José tem o rio no quintal de casa e é um dos 40 observadores hidrológicos
José tem o rio no quintal de casa e é um dos 40 observadores hidrológicos (Foto: Patrick Rodrigues)

José está há oito anos na função e quer continuar por muitos mais, pois sabe a importância que esse trabalho tem. O engenheiro Sanitarista e Ambiental da Epagri José Luiz Rocha Oliveira é quem coordena os observadores em Santa Catarina. Ele conta que a estação de Apiúna começou a ter leituras em 1941. Ou seja, mais da metade desse tempo, a família de Genésio faz o serviço.

É com dados coletados de estações como a cuidada por José que os órgãos públicos monitoram o nível e vazão dos rios, bem como acompanham os eventos extremos.

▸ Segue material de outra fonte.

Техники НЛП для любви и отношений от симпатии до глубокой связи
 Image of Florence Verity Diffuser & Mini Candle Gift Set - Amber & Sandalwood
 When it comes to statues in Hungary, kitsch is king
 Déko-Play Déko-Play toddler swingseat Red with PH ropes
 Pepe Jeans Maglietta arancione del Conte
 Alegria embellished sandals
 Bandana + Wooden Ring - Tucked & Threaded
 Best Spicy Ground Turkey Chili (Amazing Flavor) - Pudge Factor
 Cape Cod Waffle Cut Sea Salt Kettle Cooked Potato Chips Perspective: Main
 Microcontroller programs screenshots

A partir deles, têm parâmetros para planejar e implantar ações voltadas a abastecimento de água, irrigação, aproveitamento hidrelétrico, lançamento e diluição de efluentes. É importante, sério, mas não apenas nesta perspectiva que o morador de Apiúna vê o rio.

— Estou enchendo de pé de fruta até onde posso. Depois que eu me aposentar, vou parar e pescar um pouco também. É bonito e sossegado aqui — revela o observador do Itajaí-Açu.